What you are asked to do => An exact restatement of the data is required, with the images omitted.

Supplied information =>
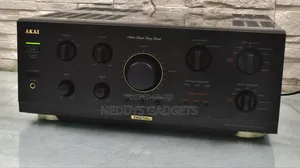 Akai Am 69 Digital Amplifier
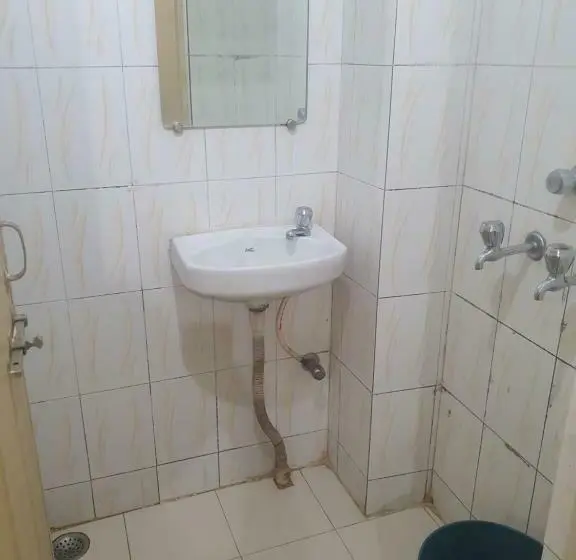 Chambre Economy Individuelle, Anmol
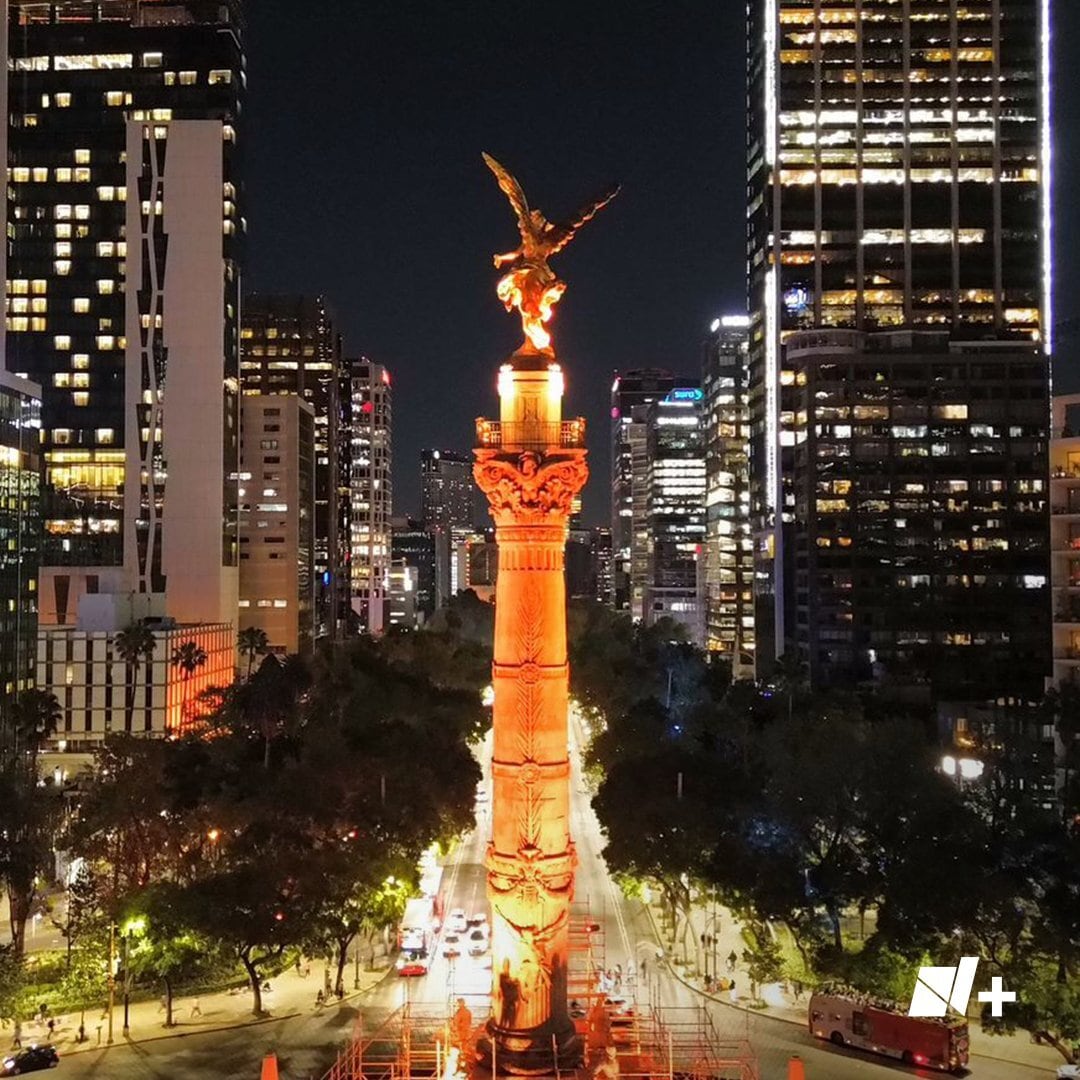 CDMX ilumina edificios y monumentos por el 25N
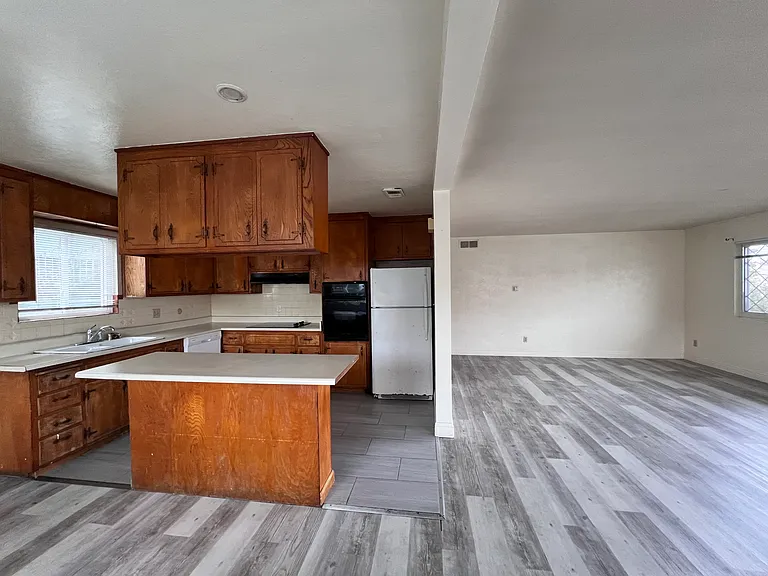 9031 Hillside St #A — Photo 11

Completed exercise =>
 Akai Am 69 Digital Amplifier
 Chambre Economy Individuelle, Anmol
 CDMX ilumina edificios y monumentos por el 25N
 9031 Hillside St #A — Photo 11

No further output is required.